INPUT Start Marker
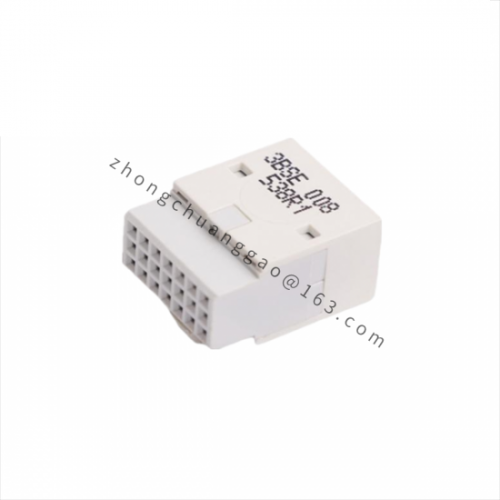 ABB 3BSE008538R1 Industrial Control Module
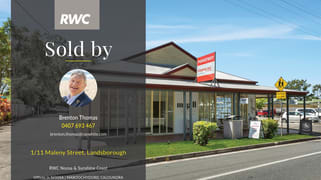 Shop 1/11 Maleny Street Landsborough QLD 4550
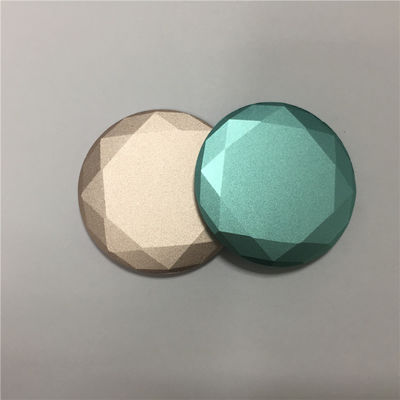 o CNC da tolerância de 0.02mm fez à máquina a placa AL5052 de alumínio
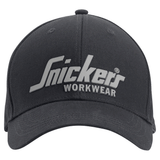 Snickers 9041 Logo Cap Various Colours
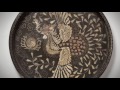 Mother-of-Pearl Lacquerware from Korea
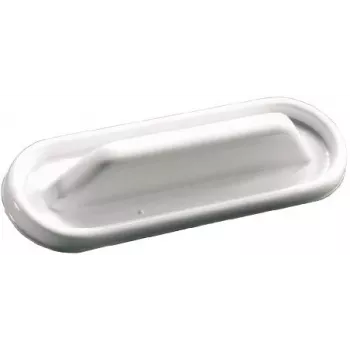Μίνι γόμα Nobo Magnetic, λευκή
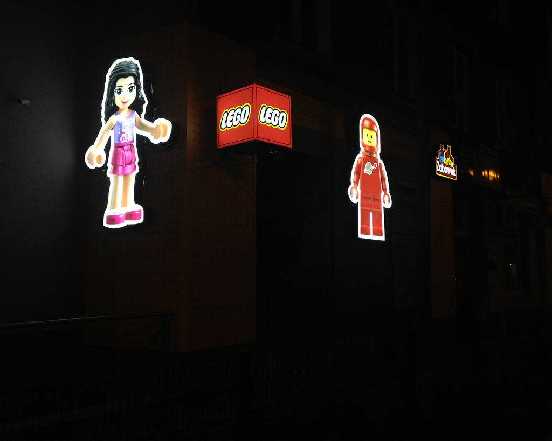 kaseton lego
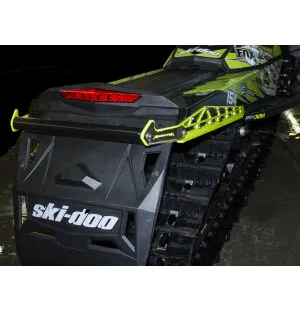 Racewerx Ski-Doo XM/XP Takapuskuri 154 Keltainen kuva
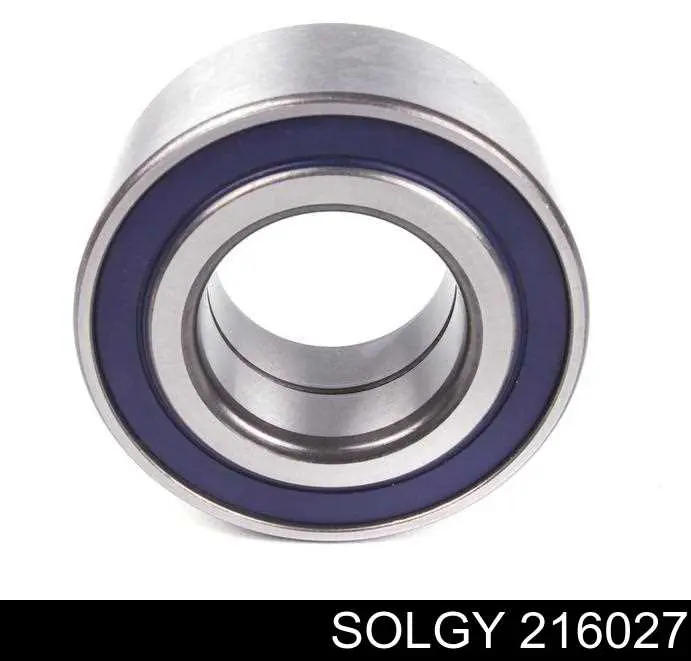 Комплект підшипник маточини передньої Solgy 216027 ціна, від 14.38 USD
INPUT End Marker
Word for word, give again the lines from the line holding "o CNC da tolerância" through the last line of the material, both included; pictures are not part of the copy.

▸ EXERCISE ANSWER
 o CNC da tolerância de 0.02mm fez à máquina a placa AL5052 de alumínio
 Snickers 9041 Logo Cap Various Colours
 Mother-of-Pearl Lacquerware from Korea
Μίνι γόμα Nobo Magnetic, λευκή
 kaseton lego
 Racewerx Ski-Doo XM/XP Takapuskuri 154 Keltainen kuva
 Комплект підшипник маточини передньої Solgy 216027 ціна, від 14.38 USD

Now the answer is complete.